US to unveil new sanctions over Darfur
March 29, 2007 (WASHINGTON) — The United States will impose tough new measures against Sudan, likely within days, to try to force it to change course on Darfur and aims to pressure Khartoum militarily by helping rebuild forces in the south, U.S. officials said.
State Department, Defense, Treasury and other U.S. officials, who spoke on condition of anonymity, said the goal was to “tighten the screws” on President Omar Hassan al-Bashir and have him accept an international force in the vast western province.
A White House announcement on sanctions and a further limit on dollar transactions was expected very soon, a State Department official said.
Military options like a no-fly zone over Darfur — which Britain wants — or a forced intervention have been ruled out for now, but the Pentagon has done some “back of the envelope” calculations on what might be needed, a defense official said.
Some Sudan experts said the new sanctions were too little, too late.
“This is the right idea but it is simply not enough and not multilateral enough to make an impact, a dent, in the calculations of the Sudanese regime,” said John Prendergast of the International Crisis Group.
Sudan responded by saying the new measures would serve only to threaten humanitarian agreements Khartoum has signed with the United Nations and fuel violence in the region.
“This will have negative repercussions,” foreign ministry spokesman Ali al-Sadig said on Thursday.
The United States had threatened an unspecified “Plan B” by Jan. 1 if Bashir did not agree to a U.N./African Union force in Darfur, where more than 200,000 people have been killed since 2003 in what Washington says is this century’s first genocide.
That deadline passed but it was Bashir’s comments that he would not accept a hybrid force that pushed the administration to roll out “Plan B,” senior officials said.
Khartoum denies the allegations of genocide. Bashir has let African Union forces into Darfur but has refused to allow U.N. troops, saying that would amount to “foreign occupation.”
MILITARY HELP IN SOUTH
The U.S. government is also looking at how to change the military equation in Sudan.
One tactic is to help the government in the south build a strong force out of the former rebel Sudan People’s Liberation Army which was at war with the north until a 2005 peace deal.
“If he (Bashir) is faced with a credible force in the south, he will start to relook at how his forces are dispersed and where his risks are,” the defense official said.

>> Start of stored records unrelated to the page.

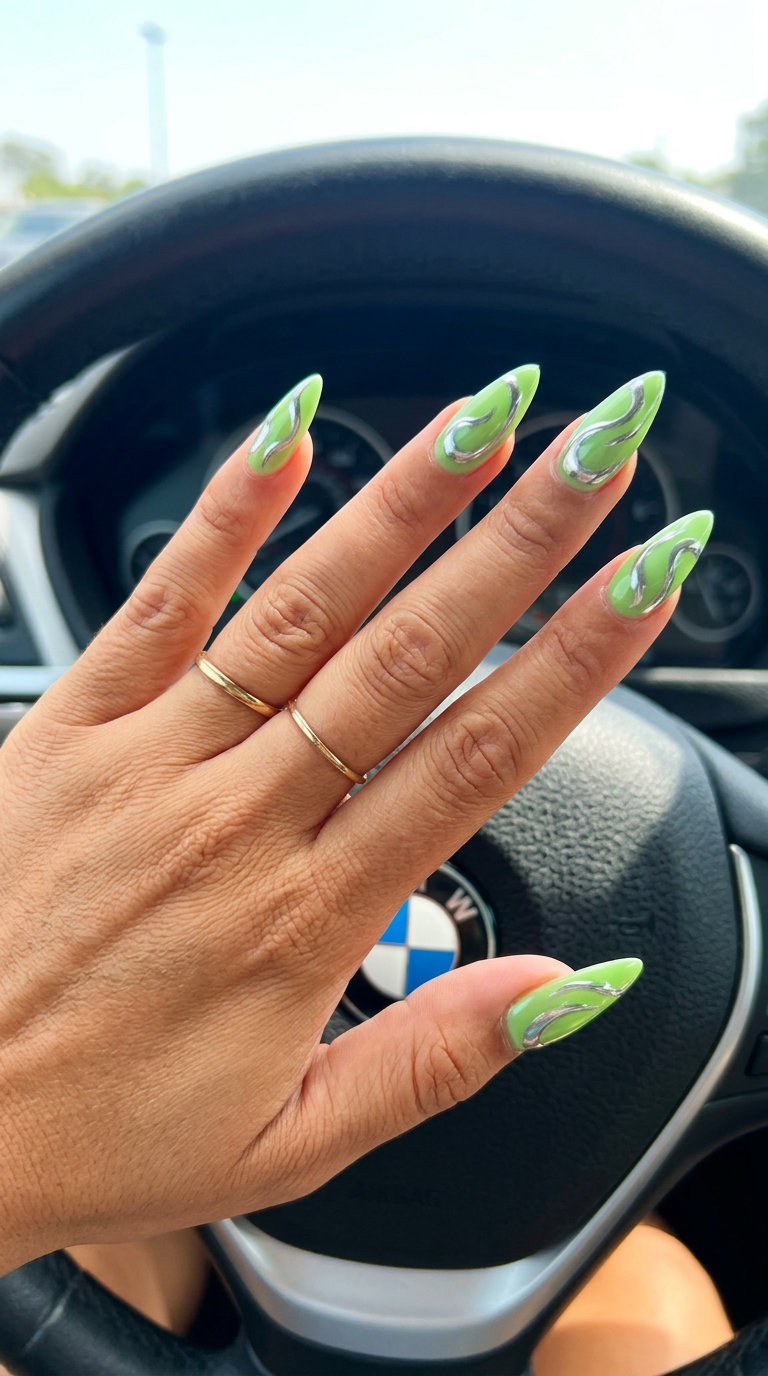 Lime Green Chrome Swirl Stiletto nails 2026: Edgy green with silver chrome swirls for night outs.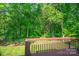 View from the wooden deck overlooking the lush, green backyard with mature trees at 177 Candlestick Dr, Statesville, NC 28625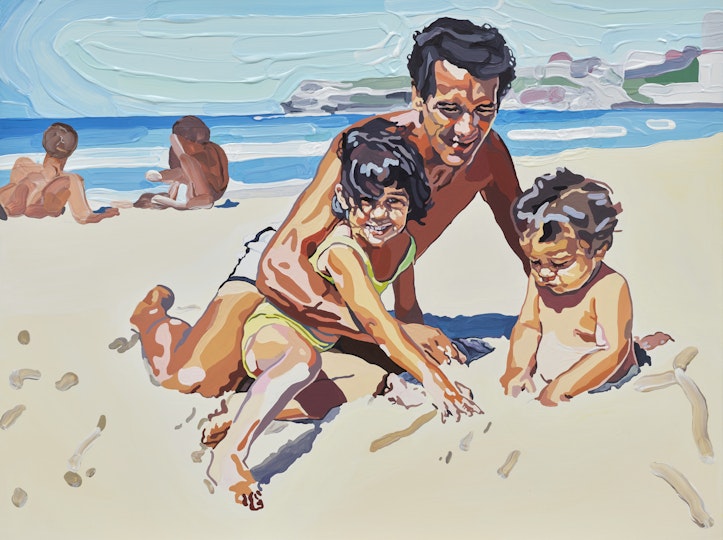 An adult and two children on a beach with two adults reclining in the background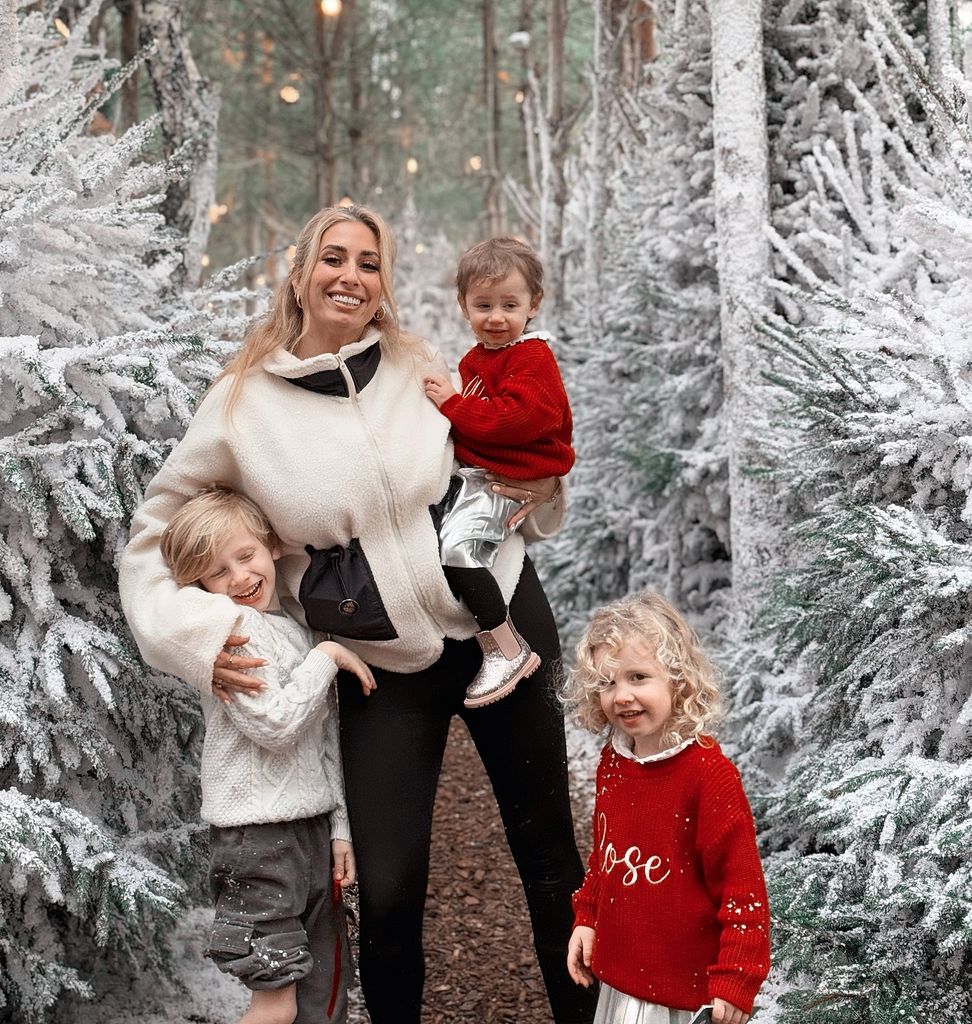 stacey with her three kids in snowy forest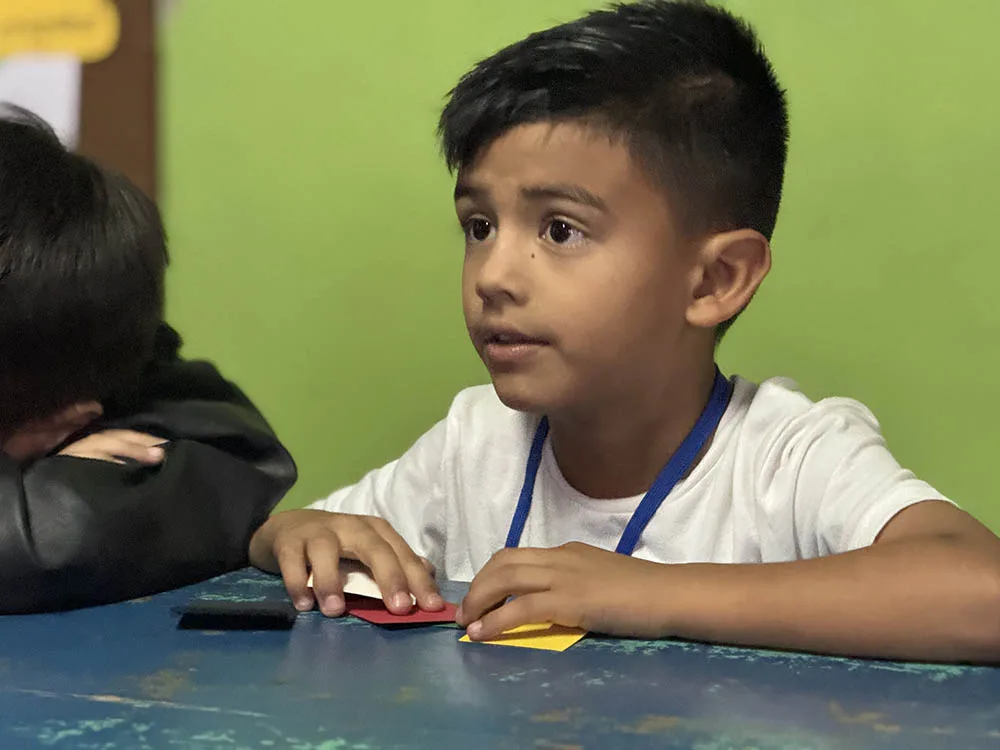 A boy participates in an international Crossroads club lesson.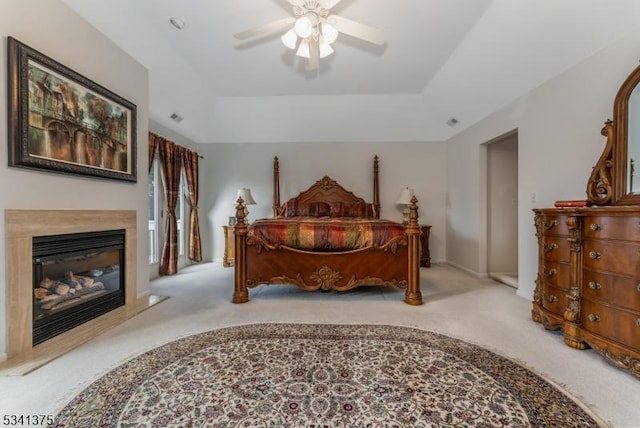 bedroom featuring a tray ceiling, a glass covered fireplace, and carpet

But the initial focus will be on putting the financial squeeze on Bashir.
About 130 firms with ties to Sudan’s government, including the two leading oil companies, are already on a U.S. sanctions list barring them from doing business with the United States or from using U.S. financial institutions to do dollar transactions — the favored currency for lucrative oil trades.
Other companies will be added to the list, current sanctions will be tightened and existing loopholes closed, making it harder to do dollar deals.
“The goal is to be more pro-active and have tighter enforcement,” said a Treasury Department official.
Aside from slapping travel and banking restrictions on at least three more Sudanese individuals, including a rebel leader, Washington also wants to put more pressure on splintered rebel groups in Darfur.
“You have to squeeze them all,” said the defense official. “The goal is to get both Bashir and the rebels to come to the conclusion that they are not going to get anywhere with their current course of action.”
The United States is working closely with Britain, which takes over the presidency of the U.N. Security Council next month, and is planning a new resolution on Darfur.
Britain has been pushing for a no-fly zone in Darfur but the Pentagon sees that as fraught with problems, as it does a forced military intervention which would ostracize Arab nations still smarting from the U.S. invasion of Iraq.
“When you look at a no-fly zone, the conclusion that pretty much everyone comes up with is that it will not have any impact at all,” a defense official said.
It would also be a logistical nightmare maintaining a no-fly zone in an area the size of Texas, the official said, adding that Sudan had a small number of fixed aircraft anyway.